Dans Singularités de la France antarctique (1558), André Thevet donne une description précise de l’usage du "tabac" par les indiens. Il en ramènera des graines en France qu’il sèmera dans sa région natale d’Angoulême et baptisera la plante « herbe angoulmoisine ». Mais le terme aura moins de succès que « pétun », mot venant du tupi « petyma, petyn » qui sera largement employé en France et aux Antilles jusqu’au début du XVIIe siècle, époque où il sera évincé par « tabac », terme qui lui vient à travers l’espagnol, d’un mot Haïtien, tabaco.
« Autre singularité d’une herbe qu’ils nomment en leur langue pétun, laquelle il porte ordinairement avec eux, pource qu’ils l’estiment merveilleusement profitable à plusieurs choses.
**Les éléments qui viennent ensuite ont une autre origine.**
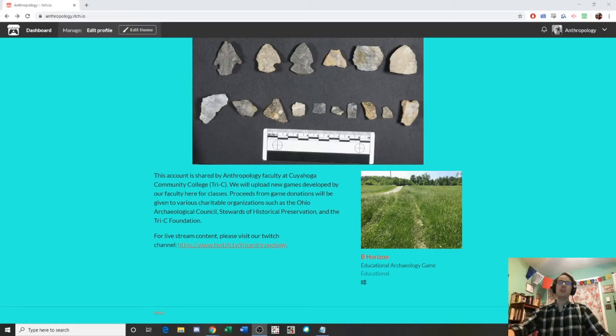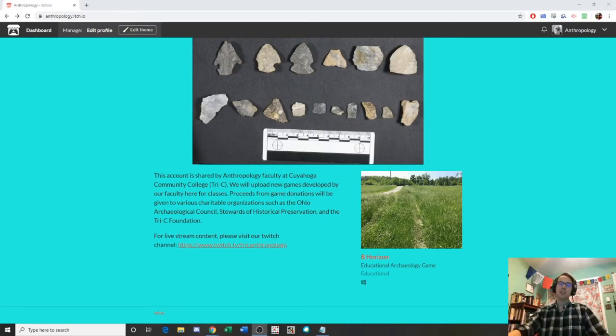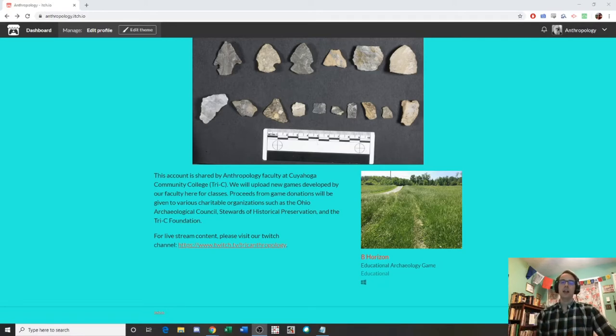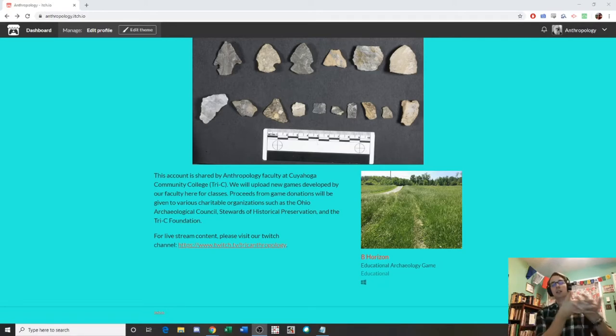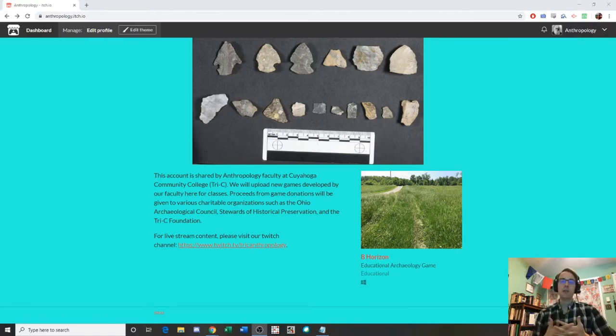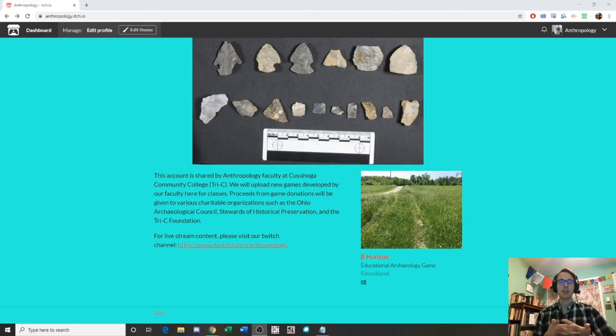Hello everyone, welcome to another quick tutorial. I'm Eric here at Tri-C Anthropology and I'm going to be walking you through today how to download educational games from our itch.io webpage for when you'll be playing any of the games for the classes.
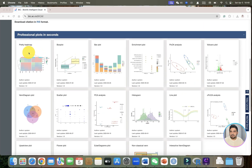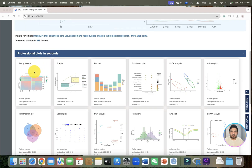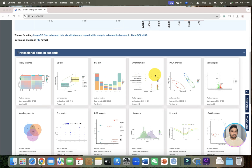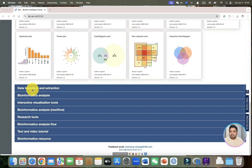As you can see, we have professional plots which we can draw in seconds. We can just paste our data and with just a single click we can get all these pretty heatmaps, box plots, bar plots, enrichment plots, and even more.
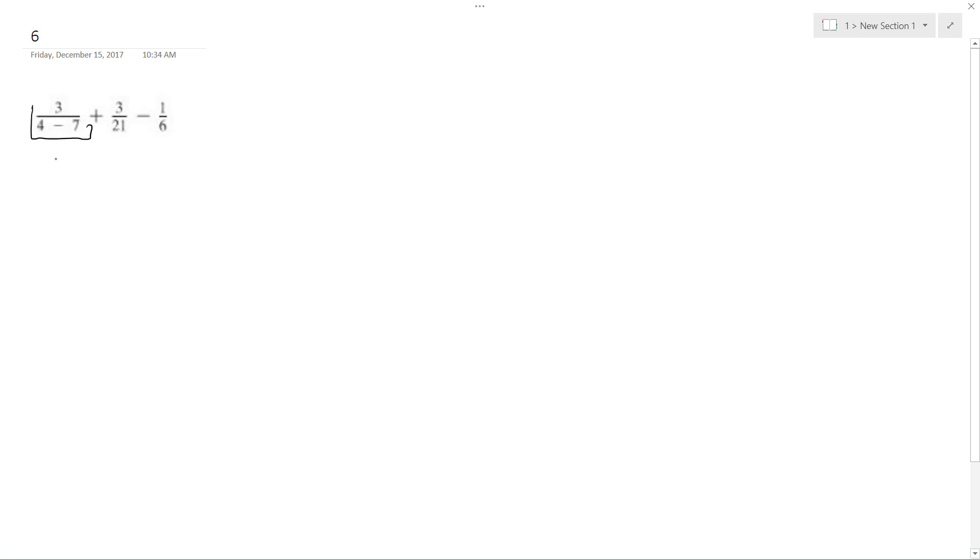Before I do anything else, this is going to be 3 over negative 3, and I can simply reduce this to just 1, or excuse me, negative 1.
Elle ressemble à notre buglosse.
Or ils cueillent soigneusement ceste herbe et la font sécher à l'ombre dans leur petites cabanes. La manière d’en user est telle : ils l’enveloppent, estant seiche, quelque quantité de ceste herbe en une feuille de palmier qui est fort grande, et la roulent comme de la longueur d'une chandelle, puis mettent le feu par un bout, et en reçoivent la fumée par le nez et par la bouche. Elle est fort salubre, disent-ils, pour faire distiller et consummer les humeurs superflues du cerveau. Davantage, prise en cette façon, fait passer la faim et la soif pour quelques temps. Parquoi ils en usent ordinairement, même quand ils tiennent quelque propos entre eux, ils tirent cette fumée, et puis ils parlent…Vrai que si on en prend trop cette fumée ou parfum, elle entête et enivre, comme le fumet d’un fort vin. » (Singularités 1558).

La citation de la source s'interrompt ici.